Learning Et Al.
Learning Et Al. (“learning it all”). A daily research digest that finds, synthesizes, and contrasts academic papers and news articles based on your interests.
After leaving research, I didn’t want to stray from the literature, but I didn’t want to read entire papers either. I wanted to see what’s out there and find new things to be curious about.
It generates a central question from your interests before searching, then deliberately pulls in papers from adjacent fields so the pairings are cross-domain by design. Candidates are ranked by relevance and diversity, and an LLM picks the two or three that make the best argument together. Synthesis builds a structured skeleton before writing, so you get an argument, not parallel summaries.
One curated digest each morning, and you can’t regenerate it. The constraint is the product: engage with today’s papers or wait for tomorrow. It’s anti-engagement-maximizing by design. The value is in curation, not volume.
Why Not Just Summarize Papers?
Because a summary of papers from different fields just lists them side by side; the interesting part is the argument between them, and that has to be built, not summarized.
So the synthesis writes a structured skeleton first: which paper supports the theme, which complicates it, where the tension is. Only then is prose written, scored across six dimensions, and revised. The skeleton-first approach draws on Yao 2023’s Tree of Thoughts and Madaan 2023’s Self-Refine.
Each digest suggests questions targeting the detail most likely to make a reader want to know more: the glossed-over mechanism, the assumption doing heavy lifting. Generic questions (“What are the implications?”) are banned. Answers are pre-generated, so they’re instant.
It samples your interests, down-weighting recent topics, then turns them into a central question (max 8 words) and search queries. If the question is too similar to a recent one, it tries a different angle.
For each query: OpenAlex first, then Semantic Scholar, then arXiv. About 10 results per query, deduplicated across sources.
Each candidate is scored by semantic similarity and keyword overlap, fused into one signal. Predatory journals are dropped; recent papers and strong venues get a small boost. Anything below threshold is cut, and if too few pass, the threshold relaxes or it restarts with a new theme.
Six papers are selected so each pick maximizes relevance while minimizing overlap with the others. Prevents six variations of the same finding.
The LLM picks the two or three papers that make the most interesting argument together: ones that support, complicate, or explain each other rather than just agreeing. Each gets a short nickname from the author’s name.
While papers are scored, it searches the web for recent coverage of the theme.

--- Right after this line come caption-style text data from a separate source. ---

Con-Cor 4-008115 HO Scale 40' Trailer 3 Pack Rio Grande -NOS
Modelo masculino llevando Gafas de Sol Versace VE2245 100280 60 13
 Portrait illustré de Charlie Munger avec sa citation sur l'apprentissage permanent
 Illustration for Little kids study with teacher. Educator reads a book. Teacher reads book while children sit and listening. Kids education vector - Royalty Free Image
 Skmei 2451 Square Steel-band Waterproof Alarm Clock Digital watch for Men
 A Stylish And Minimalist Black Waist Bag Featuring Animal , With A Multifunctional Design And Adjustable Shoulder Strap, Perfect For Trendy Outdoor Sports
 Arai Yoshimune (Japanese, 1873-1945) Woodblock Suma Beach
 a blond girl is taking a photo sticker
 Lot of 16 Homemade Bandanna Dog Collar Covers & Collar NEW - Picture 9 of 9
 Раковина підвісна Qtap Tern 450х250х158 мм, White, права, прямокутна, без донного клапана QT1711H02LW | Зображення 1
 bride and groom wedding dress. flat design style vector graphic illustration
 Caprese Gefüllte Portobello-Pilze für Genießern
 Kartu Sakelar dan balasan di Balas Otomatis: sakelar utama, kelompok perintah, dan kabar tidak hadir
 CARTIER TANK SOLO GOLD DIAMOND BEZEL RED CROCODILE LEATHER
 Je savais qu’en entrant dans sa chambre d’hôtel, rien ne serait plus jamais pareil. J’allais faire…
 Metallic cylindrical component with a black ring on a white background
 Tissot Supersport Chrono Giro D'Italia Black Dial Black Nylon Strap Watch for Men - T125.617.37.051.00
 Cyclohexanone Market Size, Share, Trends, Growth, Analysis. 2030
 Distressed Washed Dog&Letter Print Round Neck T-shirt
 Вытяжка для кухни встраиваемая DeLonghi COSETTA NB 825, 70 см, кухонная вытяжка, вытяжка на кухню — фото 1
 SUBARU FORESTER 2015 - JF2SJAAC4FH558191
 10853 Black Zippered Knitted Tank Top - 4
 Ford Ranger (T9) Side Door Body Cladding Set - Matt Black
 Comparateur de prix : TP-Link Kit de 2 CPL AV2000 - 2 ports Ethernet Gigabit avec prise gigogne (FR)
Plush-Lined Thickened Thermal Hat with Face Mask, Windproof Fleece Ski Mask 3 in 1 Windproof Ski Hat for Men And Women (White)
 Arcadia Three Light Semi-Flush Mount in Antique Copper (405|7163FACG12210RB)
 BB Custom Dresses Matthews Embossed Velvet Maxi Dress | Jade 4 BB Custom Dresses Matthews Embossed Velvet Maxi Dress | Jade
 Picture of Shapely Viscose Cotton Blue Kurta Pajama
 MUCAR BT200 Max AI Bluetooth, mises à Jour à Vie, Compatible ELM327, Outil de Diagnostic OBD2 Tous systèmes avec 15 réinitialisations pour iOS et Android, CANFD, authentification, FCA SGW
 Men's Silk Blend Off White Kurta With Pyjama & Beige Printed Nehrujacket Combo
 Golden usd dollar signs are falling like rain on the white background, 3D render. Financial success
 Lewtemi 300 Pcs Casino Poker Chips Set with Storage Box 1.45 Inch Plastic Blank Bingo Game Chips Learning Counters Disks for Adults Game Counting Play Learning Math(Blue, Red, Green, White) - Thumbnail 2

The count is dynamic: three or more strong papers and news is skipped; thin papers and news fills the gap.
Multi-stage writing: skeleton, draft, self-critique for specificity and clichés, then targeted revision. A final check verifies every paper was cited correctly.
Each stage assumes the previous one may have erred. Metadata summaries are checked against the abstract; if one looks disconnected from its source, it falls back to the abstract’s first sentence. Drafts are checked for factual accuracy before style critique. A final coverage gate verifies each paper appears by name, re-inserting any dropped during revision.
New themes are compared against the last five by cosine similarity. Above 0.5, it retries with different interest combinations. Without this, themes converge to a template within weeks.
Topics lose weight daily (×0.95) with a penalty for recent use. Selection is weighted-random rather than top-N, so low-weight interests still surface. Engagement signals are kept small: one starred paper once dominated the feed.
Models route around banned strings: banning “here’s where it gets interesting” produces “here’s where it gets messier.” So the self-critique scans for pattern shapes, not literal phrases. Vague claims (“barriers”, “limitations”) need a concrete example in the same sentence or they’re dropped.
Started with a “best paper” anchor, scrapped when highly-cited papers pulled in wrong-field methods. Mandatory theme revision helped, then backfired when the LLM warped themes to fit weak papers. Conditional revision with a “keep if it fits” exit works better.
Citation graph → keyword matching → embedding-only → BM25+embedding RRF with MMR diversity. Hard blocklists for predatory publishers, soft penalties for high-volume journals, and a domain gate after complementarity started producing cross-field analogies instead of connected papers.
Iterated from a single call to a 7-call pipeline to the current skeleton-first approach. The prose stayed vague and pattern-heavy until I moved from banned phrases to pattern families, and from style rules to factual requirements.
Hardcoded RSS → DuckDuckGo scraping (broke on one CSS change) → Serper/DDG with User-Agent rotation and field-specific RSS fallback.
Past digests live in a searchable archive where you can browse themes over time and compare any two papers side by side. Brutalist aesthetic: hard borders, box shadows, crosshair cursor, accent colors only in tags.